7. The most important families of theoretical distribution.

03 Oct 2019

Theoretical distribution is when you know what the distribution is and its parameters

Empirical distribution is when we start knowing nothing. What we have is a collection of observations, and we want to try and derive some knowledge from that collection.

Continuous distribution

Uniform distribution:- is a type of distribution in which all outcomes are equally likely; each variable has the same probability that it will be the outcome. A deck of cards has within it uniform distributions because the likelihood of drawing a heart, a club, a diamond or a spade is equally likely. A coin also has a uniform distribution because the probability of getting either heads or tails in a coin toss is the same. The continuous uniform distribution or rectangular distribution is a family of symmetric probability distributions.

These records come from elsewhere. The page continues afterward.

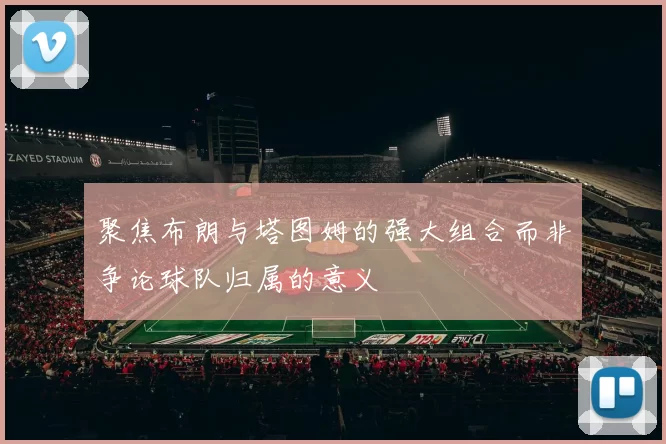 聚焦布朗与塔图姆的强大组合而非争论球队归属的意义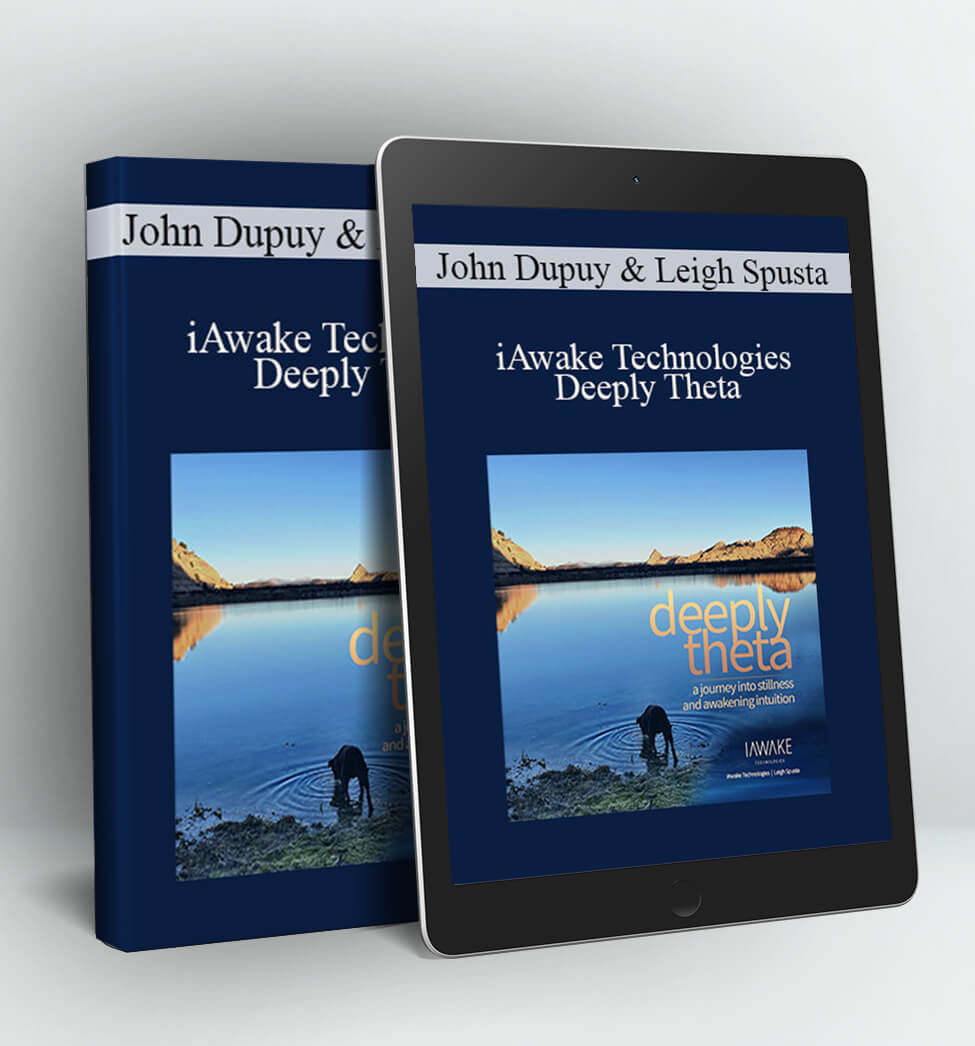 iAwake Technologies – Deeply Theta - John Dupuy ft Leigh Spusta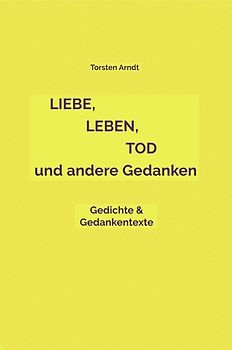 Liebe, Leben, Tod und andere Gedanken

The distribution describes an experiment where there is an arbitrary outcome that lies between certain bounds. The bounds are defined by the parameters, a and b, which are the minimum and maximum values, the interval can be either closed. Therefore, the distribution is often abbreviated U (a, b), where U stands for uniform distribution. The difference between the bounds defines the interval length; all intervals of the same length on the distribution’s support are equally probable.

Uniform distribution

Normal distribution:- Normal distribution, also known as the Gaussian distribution, is a theoretical distribution that is symmetric about the mean, showing that data near the mean are more frequent in occurrence than data far from the mean. The normal distribution is useful because of the central limit theorem. In its most general form, under some conditions (which include finite variance), it states that averages of samples of observations of random variables independently drawn from the same distribution converge in distribution to the normal, that is, they become normally distributed when the number of observations is sufficiently large. Physical quantities that are expected to be the sum of many independent processes (such as measurement errors) often have distributions that are nearly normal.

Normal distribution

chi square:- The chi-square distribution (also chi-squared or χ2-distribution) with k degrees of freedom is the distribution of a sum of the squares of k independent standard normal random variables. The chi-square distribution is a special case of the gamma distribution and is one of the most widely used probability distributions in inferential statistics, notably in hypothesis testing or in construction of confidence intervals.

Chi square

gamma:- The gamma distribution is a two-parameter family of continuous probability distributions. The exponential distribution, Erlang distribution, and chi-squared distribution are special cases of the gamma distribution.

gamma distribution

beta:- the beta distribution is a family of continuous probability distributions defined on the interval [0, 1] parametrized by two positive shape parameters, denoted by α and β, that appear as exponents of the random variable and control the shape of the distribution. It is a special case of the Dirichlet distribution.

Betta distribution

exponential:- the exponential distribution is the probability distribution of the time between events in a Poisson point process, i.e., a process in which events occur continuously and independently at a constant average rate. It is a particular case of the gamma distribution. It is the continuous analogue of the geometric distribution, and it has the key property of being memoryless. In addition to being used for the analysis of Poisson point processes it is found in various other contexts.

Betta distribution

### Discrete distribution

Boolean:– a distribution with value either true or flase.
Binomial:- is a distribution that has the following properties:

The experiment consists of n repeated trials.
Each trial can result in just two possible outcomes. We call one of these outcomes a success and the other, a failure.
The probability of success, denoted by P, is the same on every trial.
The trials are independent that is, the outcome on one trial does not affect the outcome on other trials. The binomial distribution with parameters n and p is the discrete probability distribution of the number of successes in a sequence of n independent experiments, each asking a yes–no question, and each with its own boolean-valued outcome: success/yes/true/one (with probability p) or failure/no/false/zero (with probability q = 1 − p). A single success/failure experiment is also called a Bernoulli trial or Bernoulli experiment and a sequence of outcomes is called a Bernoulli process; for a single trial, i.e., n = 1, the binomial distribution is a Bernoulli distribution. The binomial distribution is the basis for the popular binomial test of statistical significance.

Binomial distribution

Multinomial:- is almost identical with one main difference: a binomial experiment can have two outcomes, while a multinomial experiment can have multiple outcomes.